The Lincoln-Petersen method

The Lincoln-Petersen method is one of the oldest mark-recapture methods available. LP employs two capture periods. In the first period, every individual captured is marked and released, and enough time is allowed to elapse so that they mix well into the population. In the second period a sample of individuals is taken, and the number of marked individuals, and total number of individuals are recorded. This is a "batch mark" method, in that we don't need to know the animals individually. It is also a "closed population" method, in that we assume both demographic closure (i.e. no births or deaths) and geographic closure (i.e. no immigration or emigration). We do not need to capture all of the individuals present in the first capture period, and we do not need to re-capture all of the marked individuals in the second. We will use the ratio of marked individuals to total individuals in the second sample (which is a known quantity) along with the total number of marked individuals in the population (which is known, since we marked and released them) to estimate the population size.

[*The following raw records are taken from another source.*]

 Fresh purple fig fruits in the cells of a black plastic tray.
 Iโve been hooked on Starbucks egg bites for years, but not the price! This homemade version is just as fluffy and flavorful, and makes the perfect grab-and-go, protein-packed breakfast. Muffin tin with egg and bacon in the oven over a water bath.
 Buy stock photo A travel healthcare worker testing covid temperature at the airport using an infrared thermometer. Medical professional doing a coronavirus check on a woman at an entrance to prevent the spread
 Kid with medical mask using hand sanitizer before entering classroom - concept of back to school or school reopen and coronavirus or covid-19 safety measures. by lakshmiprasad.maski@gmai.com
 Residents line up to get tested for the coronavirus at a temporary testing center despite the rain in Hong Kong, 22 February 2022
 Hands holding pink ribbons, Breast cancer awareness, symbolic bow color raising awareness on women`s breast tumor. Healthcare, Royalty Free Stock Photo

We will be working with some (instructor generated) data that mimics a mark/recapture study, as might be done on coast horned lizards in the SDRP. The study started on 4/21/13. There were three different capture periods, one in April, one in May, and one in June. Each animal caught was marked, and dates of recaptures were recorded. The marks were individual and permanent - we won't need to use the individual identifiers for our LP estimates yet, but the fact that marks are permanent is important, because loss of marks would bias the results.

The duration of the study was short enough, and during a time or year in which mortality is low enough for this species, that we can consider the population to be closed demographically and geographically closed.

We will work with the April and May data for today (we will work with all three capture periods when we test for trap responses next week).

So, on to the LP estimator.

1. Download the data. This file has the data we will work with, download it to your S: drive and open it.

**Note that we will actually use this same file for three different activities, and there are several worksheets that you don't need until later - for LP estimation, just stick with the "Captures" sheet. Make sure you save this file in a safe location (and back it up!)**

The Captures sheet has only two columns. Column A has dates of captures, and column B has tag ID's for the captured animal. This file is unusual in that it only records captures - in a real mark/recapture study there would be a lot more variables measured than this, because capturing animals is difficult enough (and risky enough to the animals) that you would record as much information about it as possible once you got your hands on it. We would usually have information about the sex, age, perhaps some morphometric information (weight, lengths, etc.), ID's of any samples taken, and the like. But, for population size estimation the data we need is the date of capture.

You can get a better idea of what the data look like if you "filter" on animal ID's.

Click into the column heading for one of the columns, and click on the "Sort & Filter" button to the right of the "Home" tab, and select "Filter". You'll see you now have drop-down arrows for each of the columns.
First, let's look at capture dates.

Click on "Date", and select one of the months to display by un-checking the other two - un-check May and June to just show April.
To only display the first capture date, 4/21/2013, open up April and un-check 22 and 23. You'll see that there were 24 animals that were caught initially on April 21, and that their ID's are assigned sequentially as A1-A24.
You can now "Select all" to go back to displaying all the data.

Now, filter based on Tag ID.

If you pick the first animal caught, A1, you'll see it was only captured once, on the first day.
If you select the next one (which is A10, the next one in alphabetical sort order rather than numeric order) you'll see that animal was caught twice, once on the first day and once on 5/20/13.
Select animal with Tag ID of A6, and you'll see this animal was re-captured on 4/22/13, the day after first capture.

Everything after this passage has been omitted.